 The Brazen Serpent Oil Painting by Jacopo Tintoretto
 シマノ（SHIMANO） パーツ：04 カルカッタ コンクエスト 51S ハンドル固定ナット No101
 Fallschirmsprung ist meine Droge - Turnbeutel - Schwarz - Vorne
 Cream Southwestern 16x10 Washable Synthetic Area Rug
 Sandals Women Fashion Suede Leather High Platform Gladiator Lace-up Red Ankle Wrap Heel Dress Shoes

══════

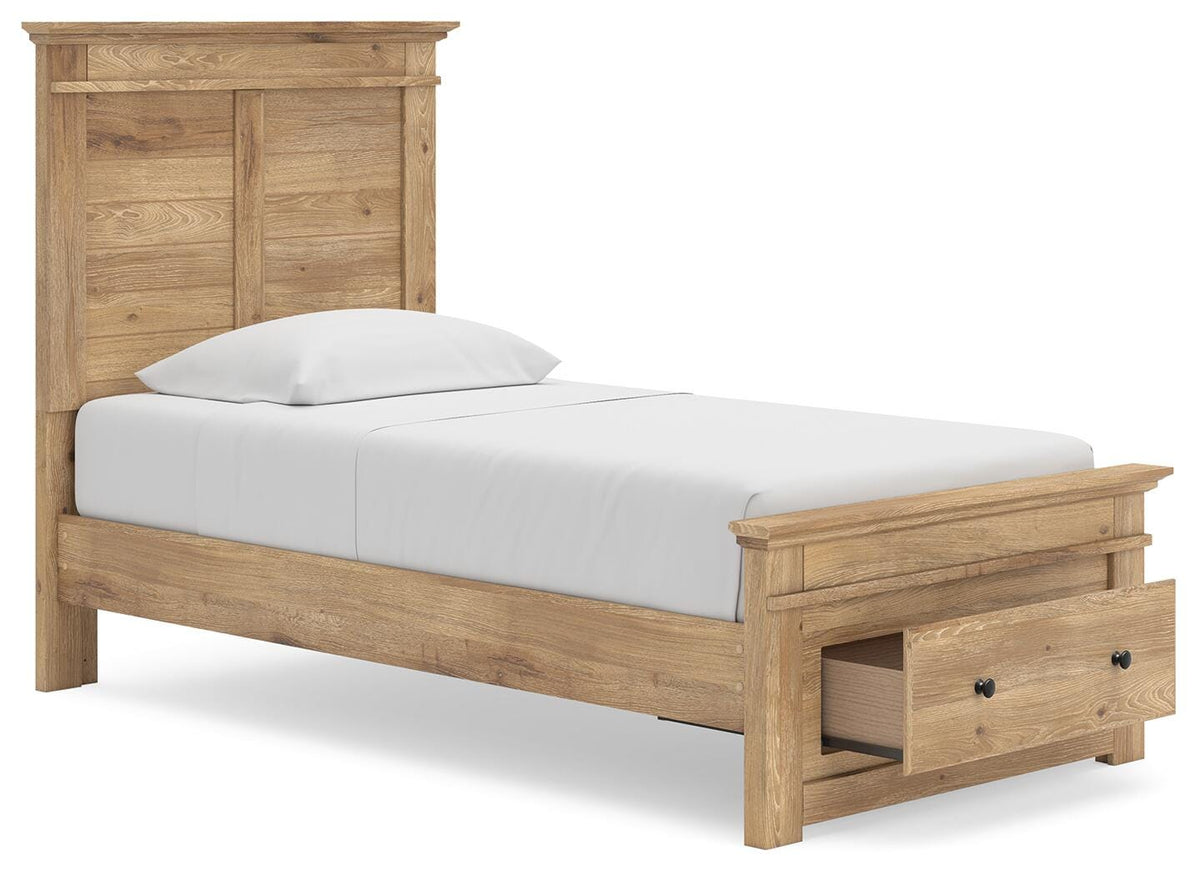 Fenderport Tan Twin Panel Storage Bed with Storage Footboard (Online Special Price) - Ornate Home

══════

● **WHAT YOU WILL DO**
Retype only this portion of the data above: the line containing "シマノ（SHIMANO） パーツ：04 カルカッタ", the line containing "Sandals Women Fashion", and all lines between them, exactly.

● **ANSWER FOR THE TASK**
 シマノ（SHIMANO） パーツ：04 カルカッタ コンクエスト 51S ハンドル固定ナット No101
 Fallschirmsprung ist meine Droge - Turnbeutel - Schwarz - Vorne
 Cream Southwestern 16x10 Washable Synthetic Area Rug
 Sandals Women Fashion Suede Leather High Platform Gladiator Lace-up Red Ankle Wrap Heel Dress Shoes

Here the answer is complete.